U.N. Secretary-General Kofi Annan discussed the operation by phone with Israeli Prime Minister Ehud Olmert, and later called it a “violation by the Israeli side of the cessation of hostilities as laid out in Security Council Resolution 1701.”

U.N. Middle East envoy Terje Roed-Larsen said in Beirut that reports on the Israeli strike indicated it constituted a violation of the U.N. Security Council resolution that established a truce early last week after more than a month of fighting.

Israel said the raid did not violate the cease-fire, and Washington appeared to agree with that claim.

An Israeli army spokesman said the goal of the operation was achieved in full, and that the military would continue to prevent Hezbollah from getting weapons shipments from Iran and Syria.

The operation exposed the first major dispute over implementation of Resolution 1701, which helped end fighting in Lebanon earlier last week.

Concerned that the cease-fire will enable Hezbollah to rearm, Israel is demanding that the Lebanese army and international peacekeepers enforce the arms embargo against the militia called for by the cease-fire resolution.

Israeli security officials said the commandos flew in by helicopter to a hill outside the village of Boudai west of Baalbek in eastern Lebanon, about 17 miles from the Syrian border. Witnesses said Israeli missiles destroyed a bridge during the fighting.

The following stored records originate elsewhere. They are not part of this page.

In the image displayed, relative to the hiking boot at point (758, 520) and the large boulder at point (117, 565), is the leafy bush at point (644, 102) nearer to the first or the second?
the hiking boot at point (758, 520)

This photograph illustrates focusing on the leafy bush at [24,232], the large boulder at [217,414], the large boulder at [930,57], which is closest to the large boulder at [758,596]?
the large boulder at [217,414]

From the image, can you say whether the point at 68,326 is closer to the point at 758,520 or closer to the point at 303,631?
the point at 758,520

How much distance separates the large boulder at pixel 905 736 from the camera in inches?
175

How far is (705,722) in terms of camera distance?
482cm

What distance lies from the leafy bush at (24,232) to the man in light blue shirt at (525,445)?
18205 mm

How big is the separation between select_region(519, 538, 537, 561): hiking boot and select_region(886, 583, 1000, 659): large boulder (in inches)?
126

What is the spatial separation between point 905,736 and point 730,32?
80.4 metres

Officials told the Associated Press the Israelis apparently were seeking a guerrilla target in a nearby school. Lebanese media speculated that Sheik Mohammed Yazbeck, a senior Hezbollah official in the Bekaa Valley and a member of the group’s executive council, may have been the target.

The area in the eastern Bekaa Valley, 60 miles north of the Israeli border, is a major guerrilla stronghold. Baalbek is the birthplace of Hezbollah.

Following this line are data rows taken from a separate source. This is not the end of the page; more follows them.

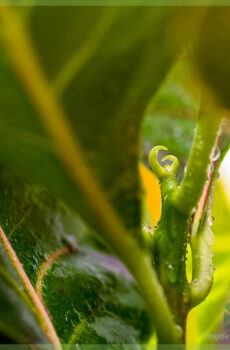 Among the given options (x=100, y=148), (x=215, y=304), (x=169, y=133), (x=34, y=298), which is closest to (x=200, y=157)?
(x=100, y=148)

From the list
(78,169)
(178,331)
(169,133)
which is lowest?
(178,331)

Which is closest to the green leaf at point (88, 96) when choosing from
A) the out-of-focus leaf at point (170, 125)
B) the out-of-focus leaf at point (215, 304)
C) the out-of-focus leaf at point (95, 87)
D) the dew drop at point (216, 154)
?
the out-of-focus leaf at point (95, 87)

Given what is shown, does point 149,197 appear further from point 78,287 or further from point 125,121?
point 125,121

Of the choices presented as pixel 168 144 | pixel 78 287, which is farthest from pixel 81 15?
pixel 168 144

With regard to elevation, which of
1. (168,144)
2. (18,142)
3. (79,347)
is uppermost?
(168,144)

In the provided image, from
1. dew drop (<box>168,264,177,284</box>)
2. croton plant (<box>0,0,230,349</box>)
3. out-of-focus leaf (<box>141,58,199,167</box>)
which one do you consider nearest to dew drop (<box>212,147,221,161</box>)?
croton plant (<box>0,0,230,349</box>)

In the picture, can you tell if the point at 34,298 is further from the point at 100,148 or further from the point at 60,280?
the point at 100,148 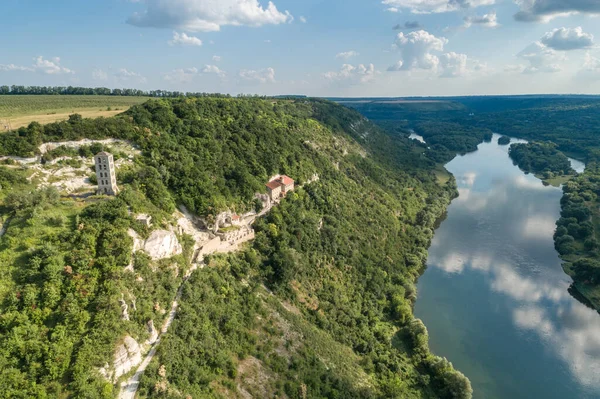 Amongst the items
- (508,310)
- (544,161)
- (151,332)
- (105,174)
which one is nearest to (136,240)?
(151,332)

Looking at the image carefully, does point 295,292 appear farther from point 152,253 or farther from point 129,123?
point 129,123

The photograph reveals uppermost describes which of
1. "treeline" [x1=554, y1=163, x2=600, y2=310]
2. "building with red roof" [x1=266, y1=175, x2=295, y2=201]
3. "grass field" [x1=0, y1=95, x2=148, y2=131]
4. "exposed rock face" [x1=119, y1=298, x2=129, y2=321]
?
"grass field" [x1=0, y1=95, x2=148, y2=131]

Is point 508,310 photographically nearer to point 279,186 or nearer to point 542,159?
point 279,186

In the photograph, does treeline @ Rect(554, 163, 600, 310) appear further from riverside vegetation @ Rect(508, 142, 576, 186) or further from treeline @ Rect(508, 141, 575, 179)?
treeline @ Rect(508, 141, 575, 179)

Footage of the aftermath of the battle showed army documents and bloodstains left behind by the Israeli soldiers.

The Israeli army spokesman declined to comment on reports that the commando unit captured two Hezbollah operatives. The commandos reportedly had finished their mission and were on their way back to the helicopters when they encountered Hezbollah gunmen.

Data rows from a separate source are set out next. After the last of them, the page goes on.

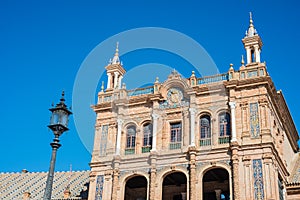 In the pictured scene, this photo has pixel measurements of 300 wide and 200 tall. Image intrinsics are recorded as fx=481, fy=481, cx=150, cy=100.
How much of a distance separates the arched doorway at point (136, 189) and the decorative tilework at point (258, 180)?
9524 mm

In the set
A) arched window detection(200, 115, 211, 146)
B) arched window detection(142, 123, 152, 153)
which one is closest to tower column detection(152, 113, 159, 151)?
arched window detection(142, 123, 152, 153)

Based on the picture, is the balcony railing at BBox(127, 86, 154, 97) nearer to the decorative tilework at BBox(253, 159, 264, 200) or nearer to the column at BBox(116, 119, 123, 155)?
the column at BBox(116, 119, 123, 155)

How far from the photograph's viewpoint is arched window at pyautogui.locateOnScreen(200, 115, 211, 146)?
3491 centimetres

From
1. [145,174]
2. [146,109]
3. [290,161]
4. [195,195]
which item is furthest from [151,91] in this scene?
[290,161]

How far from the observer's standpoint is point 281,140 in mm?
38438

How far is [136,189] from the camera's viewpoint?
129ft

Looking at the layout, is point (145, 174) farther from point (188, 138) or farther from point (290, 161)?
point (290, 161)

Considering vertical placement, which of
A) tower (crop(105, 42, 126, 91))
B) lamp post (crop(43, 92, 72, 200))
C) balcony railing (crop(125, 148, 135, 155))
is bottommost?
lamp post (crop(43, 92, 72, 200))

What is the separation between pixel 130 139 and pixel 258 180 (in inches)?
425

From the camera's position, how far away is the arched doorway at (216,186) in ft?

Israeli Foreign Ministry spokesman Mark Regev said the commando raid was a response to an infraction of the cease-fire, which calls for a weapons embargo against Hezbollah.

“Israel will not tolerate Hezbollah exploiting the cease-fire to rearm, and to re-equip with strategic weapons from Iran and Syria. Then we’re back to square one,” Mr. Regev said.

“The international community is very quick to speak out on Lebanon and to pass resolutions, but what we need is concrete steps. We could see 1701 go the way of other resolutions on Lebanon, which promised much, but in the end failed to deliver,” he said.

Mr. Olmert told Mr. Annan the raid was “intended to prevent the resupply of new weapons and ammunition for Hezbollah,” the AP reported, quoting unidentified officials.

In Washington, the White House declined to criticize the raid, noting that Israel said it acted in reaction to arms smuggling into Lebanon and that the U.N. resolution calls for the prevention of resupplying Hezbollah with weapons.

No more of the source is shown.